- [Given material]:
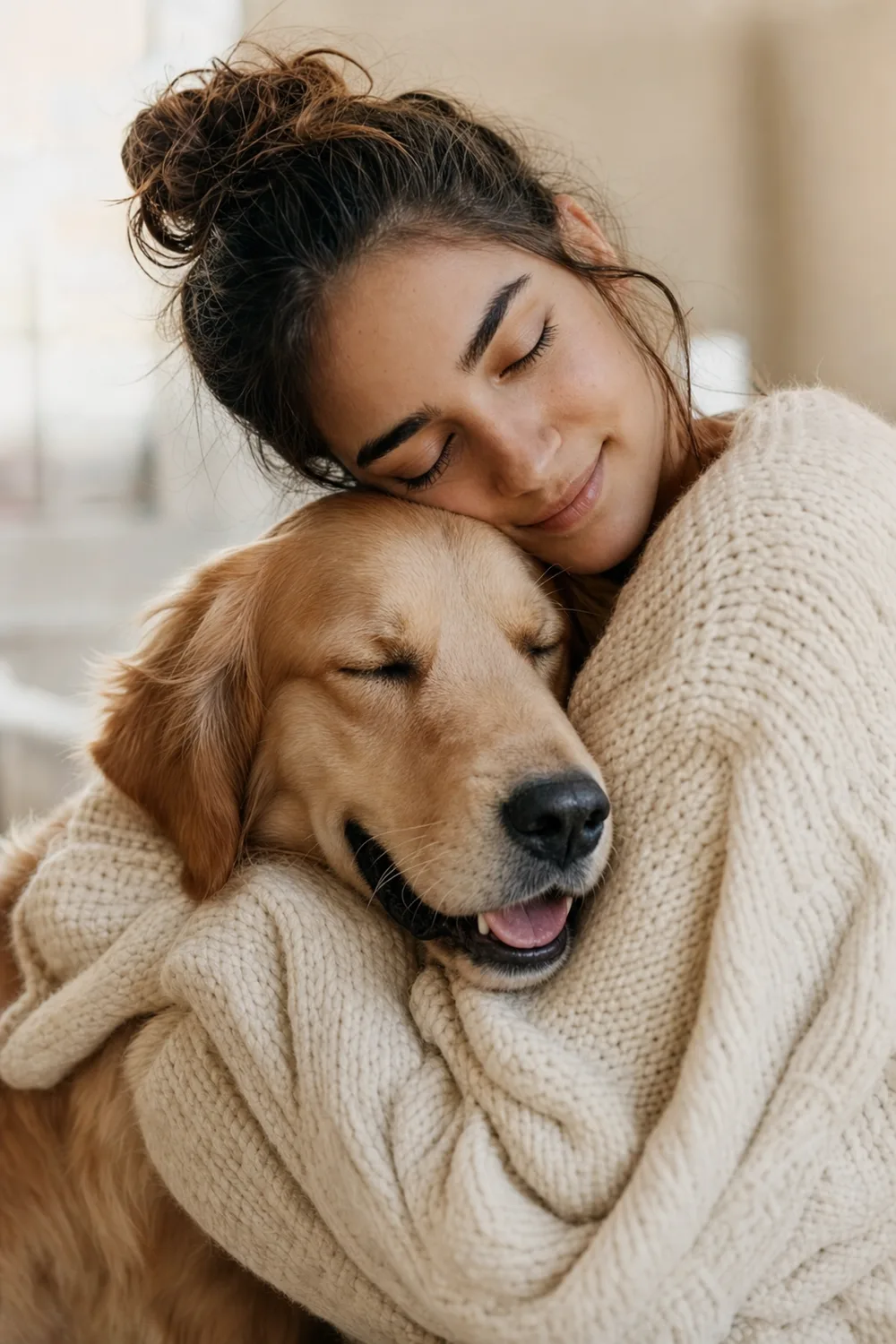 A pet parent lovingly hugging her golden retriever with eyes closed, feeling deeply connected through a pet psychic reading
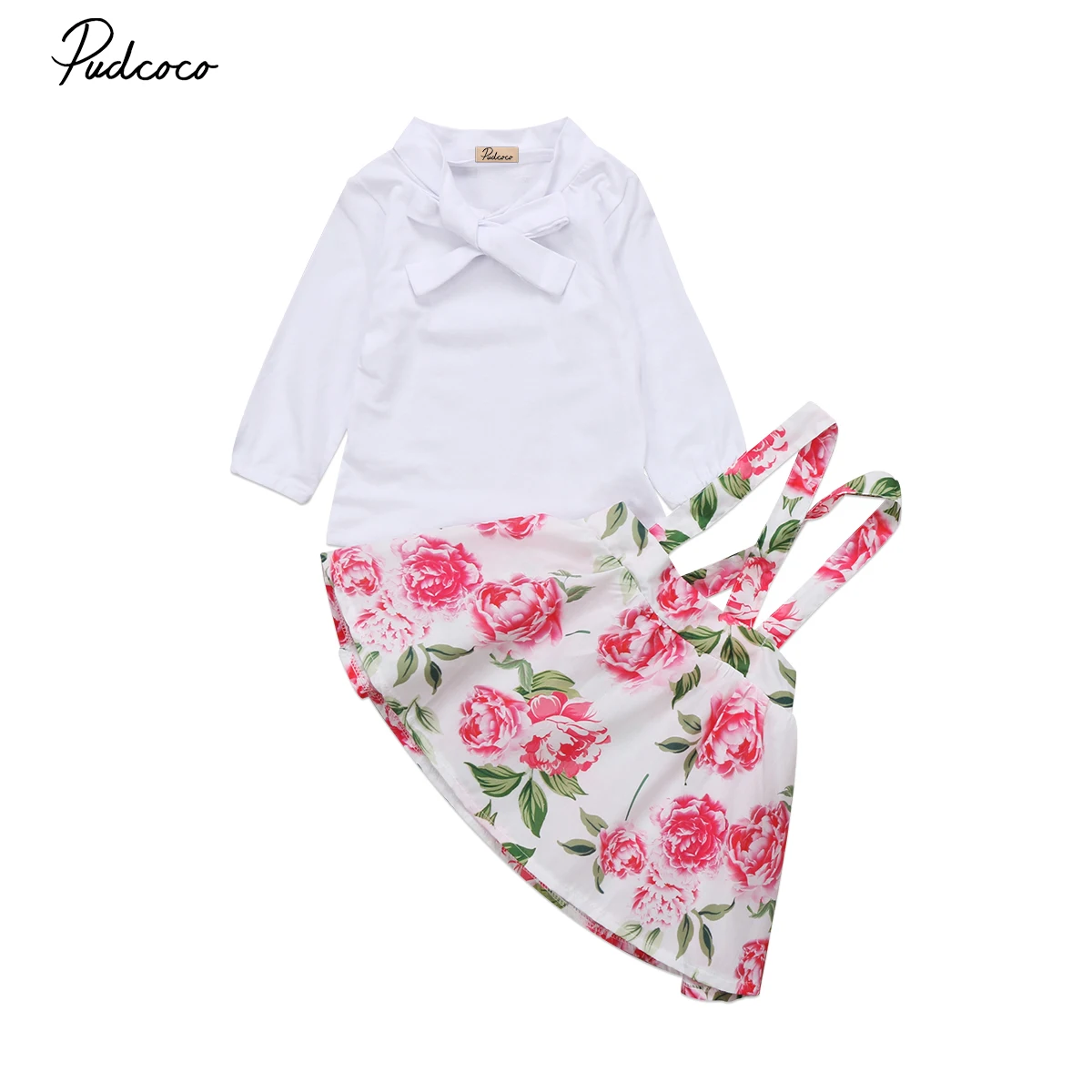 

Lovely Kids Baby Girls Summer Floral Outfits Clothes Long Sleeve White T-shirt Tops+Flower Skirts Overalls Outfits Clothing Set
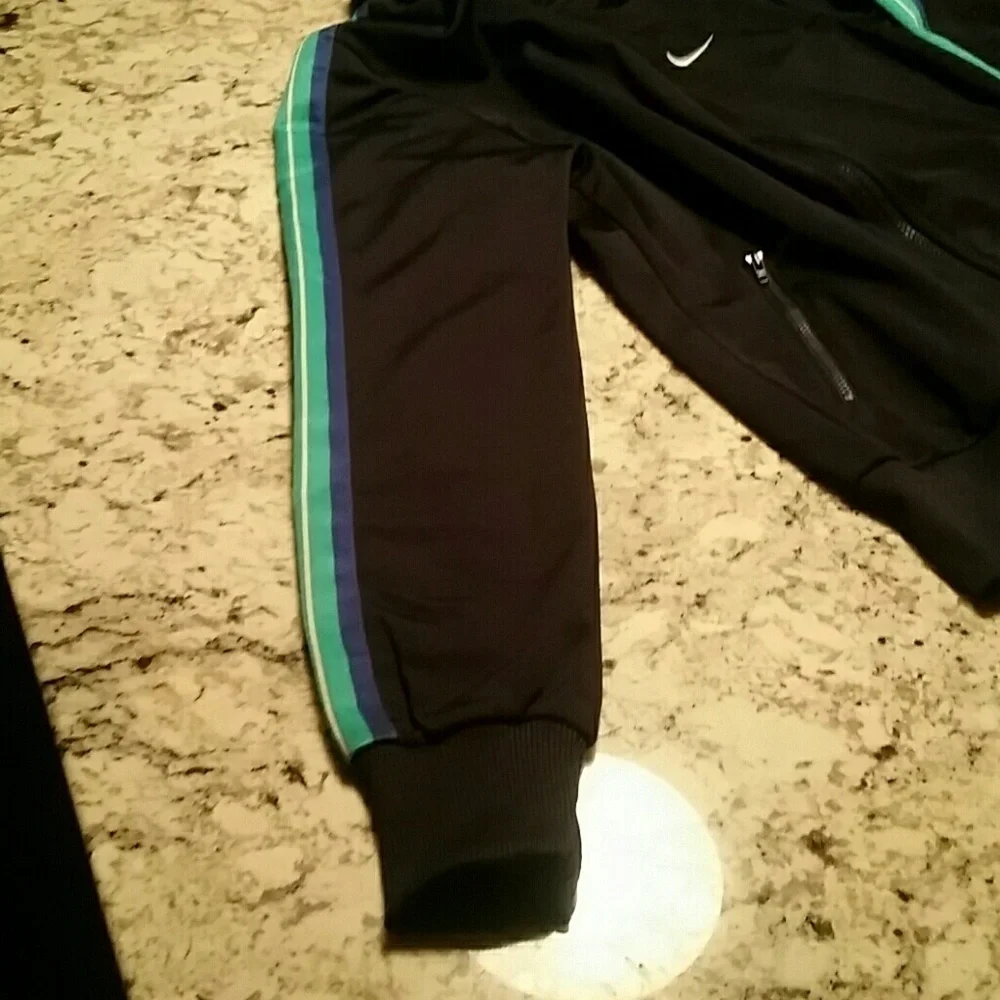 NIKE l Sweat Jacket Zippered Stripes Navy D5 - Picture 4 of 8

- [Task to carry out]: The answer is the listing above restated word for word, pictures removed.

- [Solution]:
 A pet parent lovingly hugging her golden retriever with eyes closed, feeling deeply connected through a pet psychic reading

Lovely Kids Baby Girls Summer Floral Outfits Clothes Long Sleeve White T-shirt Tops+Flower Skirts Overalls Outfits Clothing Set
 NIKE l Sweat Jacket Zippered Stripes Navy D5 - Picture 4 of 8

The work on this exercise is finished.